|Publication number||US4651932 A|
|Application number||US 06/717,812|
|Publication date||Mar 24, 1987|
|Filing date||Mar 29, 1985|
|Priority date||Apr 2, 1984|
|Also published as||CA1231522A, CA1231522A1, DE3412266A1, EP0157200A2, EP0157200A3, EP0157200B1|
|Publication number||06717812, 717812, US 4651932 A, US 4651932A, US-A-4651932, US4651932 A, US4651932A|
|Inventors||Willi Huber, Klaus Mussner|
|Original Assignee||J. Wagner Ag|
|Export Citation||BiBTeX, EndNote, RefMan|
|Patent Citations (4), Referenced by (8), Classifications (8), Legal Events (5)|
|External Links: USPTO, USPTO Assignment, Espacenet|
1. Field of the Invention
The present invention relates to an electrostatic paint spraygun which comprises a needle-shaped electrode centrally seated in a paint channel for delivering paint to a spray nozzle and projecting slightly beyond the spray nozzle, the electrode being connected to a high-voltage feed which extends through a tube of the spraygun, and in which a closure element containing the spray nozzle is releasably received on the mouth of the tube.

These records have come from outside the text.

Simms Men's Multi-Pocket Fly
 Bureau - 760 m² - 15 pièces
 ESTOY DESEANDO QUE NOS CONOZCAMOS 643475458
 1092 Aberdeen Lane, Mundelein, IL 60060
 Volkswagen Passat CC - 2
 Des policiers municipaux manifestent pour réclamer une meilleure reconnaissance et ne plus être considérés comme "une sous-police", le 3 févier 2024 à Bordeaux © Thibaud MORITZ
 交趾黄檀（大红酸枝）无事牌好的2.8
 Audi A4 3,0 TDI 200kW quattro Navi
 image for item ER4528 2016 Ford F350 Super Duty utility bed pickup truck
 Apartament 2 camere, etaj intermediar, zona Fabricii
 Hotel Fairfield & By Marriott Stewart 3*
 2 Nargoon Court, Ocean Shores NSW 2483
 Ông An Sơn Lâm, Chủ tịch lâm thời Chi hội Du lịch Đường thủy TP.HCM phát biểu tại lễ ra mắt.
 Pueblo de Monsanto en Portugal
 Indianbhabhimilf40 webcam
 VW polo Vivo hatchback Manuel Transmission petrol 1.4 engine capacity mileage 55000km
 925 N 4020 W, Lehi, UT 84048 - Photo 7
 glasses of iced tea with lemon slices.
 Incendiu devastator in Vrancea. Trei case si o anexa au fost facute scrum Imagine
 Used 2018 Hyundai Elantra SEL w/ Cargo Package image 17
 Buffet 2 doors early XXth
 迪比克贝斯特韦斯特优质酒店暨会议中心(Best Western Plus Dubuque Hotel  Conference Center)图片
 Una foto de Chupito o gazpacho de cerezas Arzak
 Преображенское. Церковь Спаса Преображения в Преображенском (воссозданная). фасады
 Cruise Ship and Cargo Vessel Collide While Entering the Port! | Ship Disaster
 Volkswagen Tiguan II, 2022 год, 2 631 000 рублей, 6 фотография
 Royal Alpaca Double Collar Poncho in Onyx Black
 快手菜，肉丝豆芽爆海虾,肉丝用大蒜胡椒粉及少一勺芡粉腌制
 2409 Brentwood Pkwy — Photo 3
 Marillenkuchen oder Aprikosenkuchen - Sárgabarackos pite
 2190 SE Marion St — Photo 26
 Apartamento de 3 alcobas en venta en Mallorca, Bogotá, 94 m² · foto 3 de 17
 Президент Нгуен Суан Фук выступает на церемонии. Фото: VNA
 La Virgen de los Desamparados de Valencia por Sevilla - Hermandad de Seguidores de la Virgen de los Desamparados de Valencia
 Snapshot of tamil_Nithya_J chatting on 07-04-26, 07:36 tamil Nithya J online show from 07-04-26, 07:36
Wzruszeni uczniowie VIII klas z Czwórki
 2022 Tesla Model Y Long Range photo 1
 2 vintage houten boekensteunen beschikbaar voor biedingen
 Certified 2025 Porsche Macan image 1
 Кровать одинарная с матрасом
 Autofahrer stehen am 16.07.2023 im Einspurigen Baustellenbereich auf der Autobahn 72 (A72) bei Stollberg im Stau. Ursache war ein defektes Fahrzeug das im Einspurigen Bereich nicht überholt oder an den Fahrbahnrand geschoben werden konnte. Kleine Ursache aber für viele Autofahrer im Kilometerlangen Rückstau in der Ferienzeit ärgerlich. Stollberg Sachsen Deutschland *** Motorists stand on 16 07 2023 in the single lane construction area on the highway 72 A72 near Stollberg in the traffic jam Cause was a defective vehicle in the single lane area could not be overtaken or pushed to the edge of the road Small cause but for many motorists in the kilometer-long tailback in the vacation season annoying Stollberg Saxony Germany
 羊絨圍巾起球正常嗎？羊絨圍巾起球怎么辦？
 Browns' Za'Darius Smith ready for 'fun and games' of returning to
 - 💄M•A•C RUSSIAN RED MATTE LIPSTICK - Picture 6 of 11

2. Description of the Prior Art
Numerous embodiments of electrostatic paint sprayguns of the type generally set forth above have been on the market for a long time. All of these known sprayguns, however, share a common problem that always occurs when the front closure is removed from the pistol tube of the spraygun, for example when the paint channel is blocked or when the paint channel is to be rinsed when changing paints. When the needle electrode, which has a slight projection of, for example, 5 mm relative to the spray nozzle or, respectively the front face of the gun when the closure is in place is seated in the pistol tube and the closure is then removed, then a rather considerable projection relative to the end face of the pistol tube occurs for the electrode needle remaining at the pistol tube and this projection can lead to bending, damage or even breakage, particularly given extremely thin electrode needles. In addition, there is a hazard of the possibility of injury to an operator. When, however, the electrode needle is seated at the closure, i.e. when it is removed from the pistol tube together with the closure when the closure is removed, then the pistol tube no longer has a defined electrode or, respectively, no defined end point of the component parts carrying high voltage. When, during the rinsing operation, the high voltage is intentionally left switched on or is unintentionally switched on, or when the conductive components in the forward region of the piston tube have a capacitance which is not inconsiderable, then uncontrolled electrical events can arise, particularly undesired sparking, which involve hazards both for the operator and with respect to igniting rinsing agent vapors.
It is therefore the object of the present invention to provide an improved electrostatic spraygun of the type generally set forth above, which spraygun is also completely safe given a removed closure, in particular from an electrical standpoint and from a mechanical standpoint.
According to the invention, the above object is achieved in a spraygun of the type generally set forth above in that the electrode is composed of two needles disposed coaxially one behind the other, where the forward needle is secured to the closure and the rear needle is seated in the pistol tube and is electrically conductively connected to the high-voltage feed, whereby when the closure is in place, the tip of the rear electrode needle is electrically conductively connected to the forward electrode needle and whereby, when the closure is removed, the tip of the rear electrode needle projects freely beyond the mouth of the pistol tube of the spraygun.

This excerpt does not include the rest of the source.